= Required work =
All lines below are to be transcribed exactly.
(Beginning of Data for review)
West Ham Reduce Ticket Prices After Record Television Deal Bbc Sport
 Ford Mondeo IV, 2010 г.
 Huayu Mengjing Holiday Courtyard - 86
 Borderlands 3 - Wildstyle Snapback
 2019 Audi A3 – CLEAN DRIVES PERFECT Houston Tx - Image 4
(End of Data for review)
= Written response =
West Ham Reduce Ticket Prices After Record Television Deal Bbc Sport
 Ford Mondeo IV, 2010 г.
 Huayu Mengjing Holiday Courtyard - 86
 Borderlands 3 - Wildstyle Snapback
 2019 Audi A3 – CLEAN DRIVES PERFECT Houston Tx - Image 4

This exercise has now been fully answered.